NOAA reported the blockbuster news today:

The world’s ocean surface temperature was the warmest for any August on record, and the warmest on record averaged for any June-August (Northern Hemisphere summer/Southern Hemisphere winter) season according to NOAA’s National Climatic Data Center in Asheville, N.C. The preliminary analysis is based on records dating back to 1880.

NCDC scientists also reported that the combined average global land and ocean surface temperature for August was second warmest on record, behind 1998.

This is almost certainly the new El Ni±o on top of the long-term warming trend (see NOAA says “El Ni±o arrives; Expected to Persist through Winter 2009-10″³ “” and that means record temperatures are coming and this will be the hottest decade on record).

Pretty impressive given that we’re at “the deepest solar minimum in nearly a century,” according to NASA.  Go figure (see “Another long-debunked denier talking point is debunked again: Changes in the Sun are not causing global warming“).

As the AP noted about the July, which also had record ocean temps:

Breaking heat records in water is more ominous as a sign of global warming than breaking temperature marks on land, because water takes longer to heat up and does not cool off as easily as land.

“This warm water we’re seeing doesn’t just disappear next year; it’ll be around for a long time,” said climate scientist Andrew Weaver of the University of Victoria in British Columbia.

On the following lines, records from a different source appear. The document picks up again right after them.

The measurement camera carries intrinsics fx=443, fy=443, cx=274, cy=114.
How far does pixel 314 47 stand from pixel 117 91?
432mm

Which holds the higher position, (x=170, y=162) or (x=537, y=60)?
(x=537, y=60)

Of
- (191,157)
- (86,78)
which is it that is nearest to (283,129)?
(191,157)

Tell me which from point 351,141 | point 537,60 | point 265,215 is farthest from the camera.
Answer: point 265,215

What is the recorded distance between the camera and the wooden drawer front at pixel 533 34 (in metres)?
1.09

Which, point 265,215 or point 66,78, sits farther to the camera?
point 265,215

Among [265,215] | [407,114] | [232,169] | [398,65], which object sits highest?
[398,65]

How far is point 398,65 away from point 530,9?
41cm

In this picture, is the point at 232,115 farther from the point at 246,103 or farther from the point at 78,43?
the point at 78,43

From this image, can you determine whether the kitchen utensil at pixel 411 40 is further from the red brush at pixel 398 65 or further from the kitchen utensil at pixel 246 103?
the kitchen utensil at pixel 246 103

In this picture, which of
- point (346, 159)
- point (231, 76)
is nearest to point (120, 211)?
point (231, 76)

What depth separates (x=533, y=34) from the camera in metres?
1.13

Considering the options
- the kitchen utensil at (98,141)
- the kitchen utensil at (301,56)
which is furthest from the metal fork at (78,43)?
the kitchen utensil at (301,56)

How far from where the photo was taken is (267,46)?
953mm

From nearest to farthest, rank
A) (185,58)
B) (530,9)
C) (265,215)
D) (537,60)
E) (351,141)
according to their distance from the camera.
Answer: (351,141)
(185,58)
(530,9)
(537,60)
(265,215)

It takes five times more energy to warm water than land.

The warmer water “affects weather on the land,” Prof. Weaver said. “This is another yet really important indicator of the change that’s occurring.”

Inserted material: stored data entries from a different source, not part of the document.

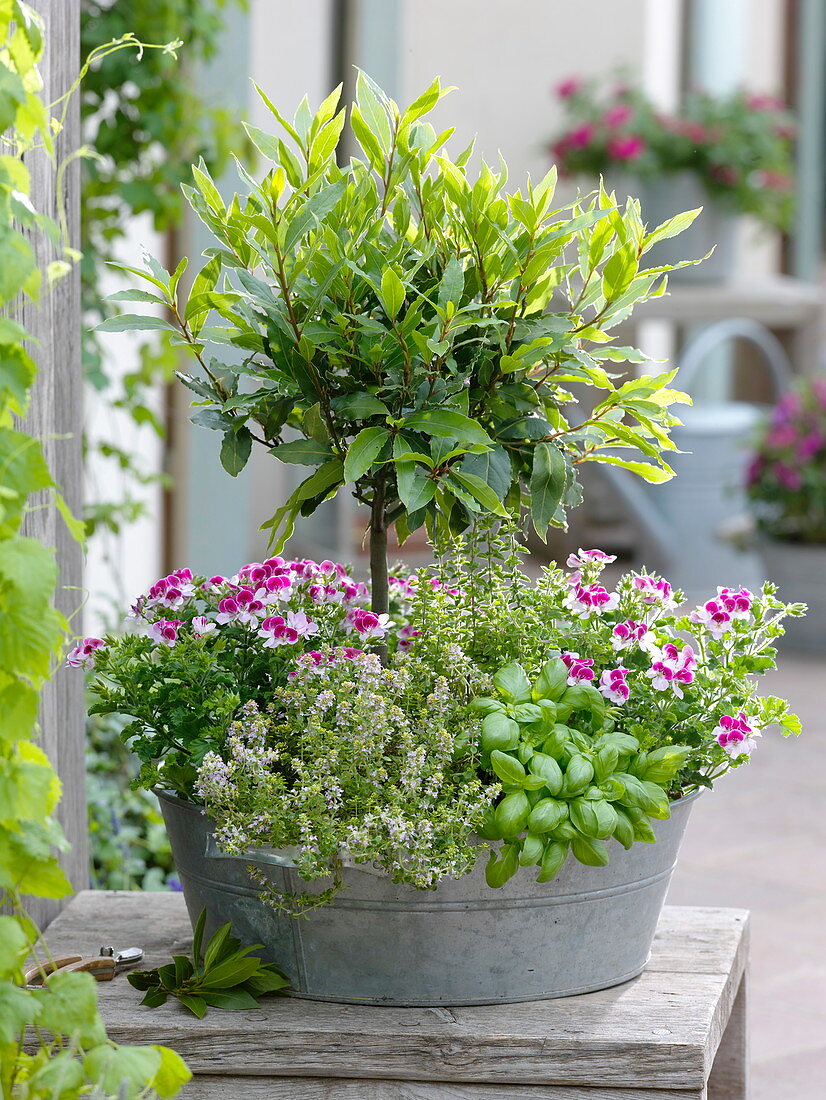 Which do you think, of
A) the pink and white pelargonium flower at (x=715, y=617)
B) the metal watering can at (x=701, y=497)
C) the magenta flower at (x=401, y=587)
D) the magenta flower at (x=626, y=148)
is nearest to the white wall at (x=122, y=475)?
the magenta flower at (x=401, y=587)

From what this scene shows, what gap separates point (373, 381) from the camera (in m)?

As revealed by the NOAA video above (via Andy Revkin),  it is getting hot pretty much everywhere, except of course over the continental United States, a small fraction of the world’s overall landmass inhabited by a large fraction of the world’s deniers, delayers, and disinformers who continue to trumpet the supposedly “cool” weather of the United States as part of their overall planetary cooling nonsense.  And that’s too bad because we need all the unmuffled warnings we can get given that humans are not like slowly boiling frogs, we are like slowly boiling brainless frogs.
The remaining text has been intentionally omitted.